[PROBLEM DETAILS]
Among the entries below, find the line with "Hundreds Of Nudists Strip For A Camera Man", then quote it and each following line up to and including the line with "0.51 ct. Round", and nothing else.

[INPUT]
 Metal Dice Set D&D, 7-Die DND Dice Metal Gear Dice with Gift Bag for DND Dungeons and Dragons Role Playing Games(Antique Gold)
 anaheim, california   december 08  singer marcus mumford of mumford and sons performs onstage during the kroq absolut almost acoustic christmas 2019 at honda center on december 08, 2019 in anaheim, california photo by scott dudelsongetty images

...

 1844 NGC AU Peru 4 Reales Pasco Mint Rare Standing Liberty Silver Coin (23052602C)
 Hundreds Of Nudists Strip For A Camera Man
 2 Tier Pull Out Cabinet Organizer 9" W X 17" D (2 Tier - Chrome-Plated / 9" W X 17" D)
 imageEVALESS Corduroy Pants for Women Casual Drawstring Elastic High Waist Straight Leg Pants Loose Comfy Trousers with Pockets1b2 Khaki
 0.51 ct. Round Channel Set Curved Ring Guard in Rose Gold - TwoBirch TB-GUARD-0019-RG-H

[SOLUTION TO THIS TASK]
 Hundreds Of Nudists Strip For A Camera Man
 2 Tier Pull Out Cabinet Organizer 9" W X 17" D (2 Tier - Chrome-Plated / 9" W X 17" D)
 imageEVALESS Corduroy Pants for Women Casual Drawstring Elastic High Waist Straight Leg Pants Loose Comfy Trousers with Pockets1b2 Khaki
 0.51 ct. Round Channel Set Curved Ring Guard in Rose Gold - TwoBirch TB-GUARD-0019-RG-H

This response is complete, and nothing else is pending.